* Exercise
In the entries below, find the line with "This is knit" and the line with "Looking forward to", then retype both and everything between them exactly. Do not copy the pictures.

━━ Recorded information

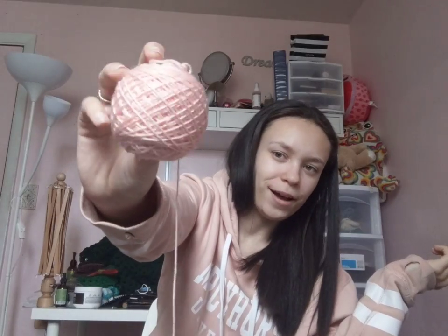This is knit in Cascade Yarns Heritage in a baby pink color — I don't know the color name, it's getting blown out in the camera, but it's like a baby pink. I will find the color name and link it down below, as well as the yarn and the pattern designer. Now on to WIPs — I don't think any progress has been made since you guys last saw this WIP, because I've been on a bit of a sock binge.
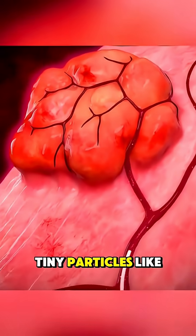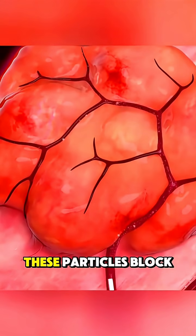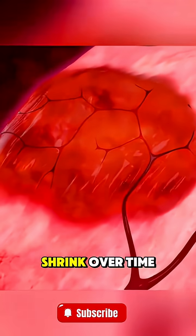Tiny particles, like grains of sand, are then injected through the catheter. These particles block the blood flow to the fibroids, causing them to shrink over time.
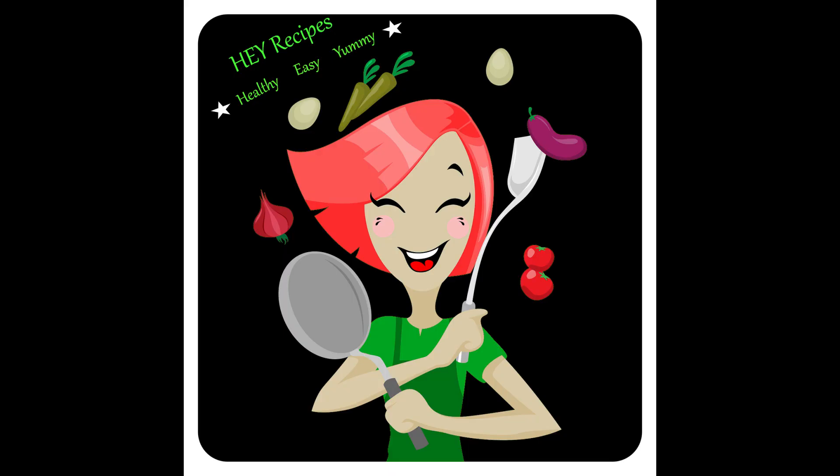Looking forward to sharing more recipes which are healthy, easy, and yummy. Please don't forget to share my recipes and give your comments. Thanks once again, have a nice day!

━━━━
━━ Recorded information

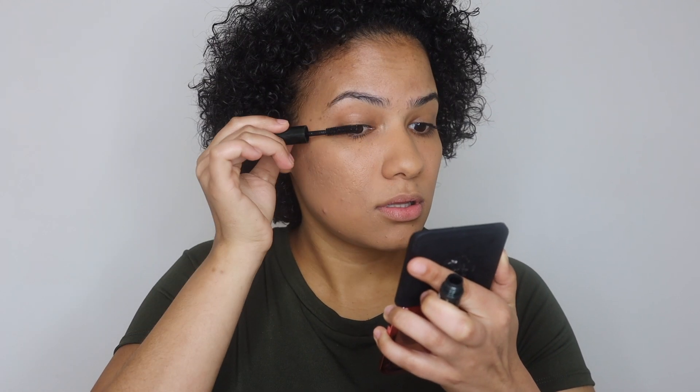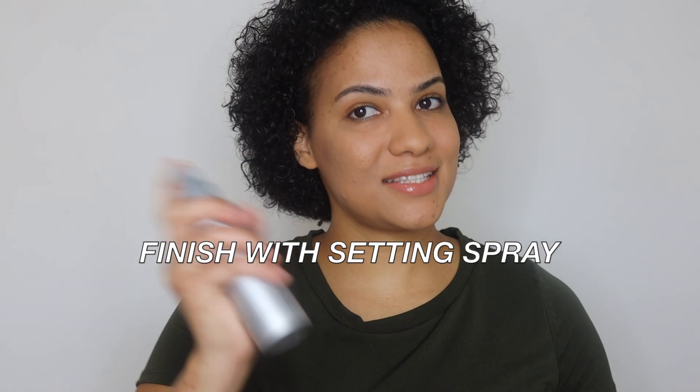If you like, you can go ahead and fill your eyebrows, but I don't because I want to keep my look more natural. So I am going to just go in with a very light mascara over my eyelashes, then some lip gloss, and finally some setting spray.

━━━━
━━ Recorded information

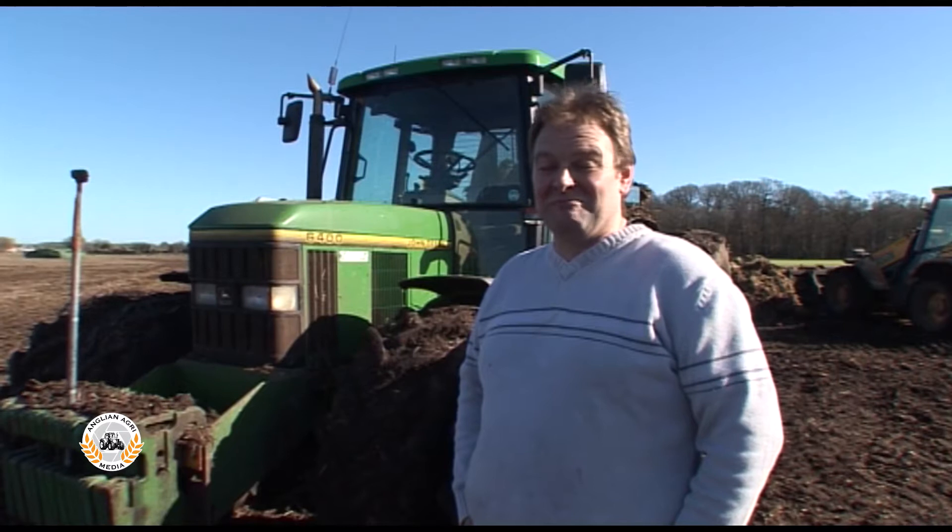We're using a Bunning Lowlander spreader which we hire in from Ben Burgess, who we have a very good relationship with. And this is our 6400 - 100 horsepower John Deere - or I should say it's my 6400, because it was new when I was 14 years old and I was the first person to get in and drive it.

━━━━

* Written solution
This is knit in Cascade Yarns Heritage in a baby pink color — I don't know the color name, it's getting blown out in the camera, but it's like a baby pink. I will find the color name and link it down below, as well as the yarn and the pattern designer. Now on to WIPs — I don't think any progress has been made since you guys last saw this WIP, because I've been on a bit of a sock binge.
Tiny particles, like grains of sand, are then injected through the catheter. These particles block the blood flow to the fibroids, causing them to shrink over time.
Looking forward to sharing more recipes which are healthy, easy, and yummy. Please don't forget to share my recipes and give your comments. Thanks once again, have a nice day!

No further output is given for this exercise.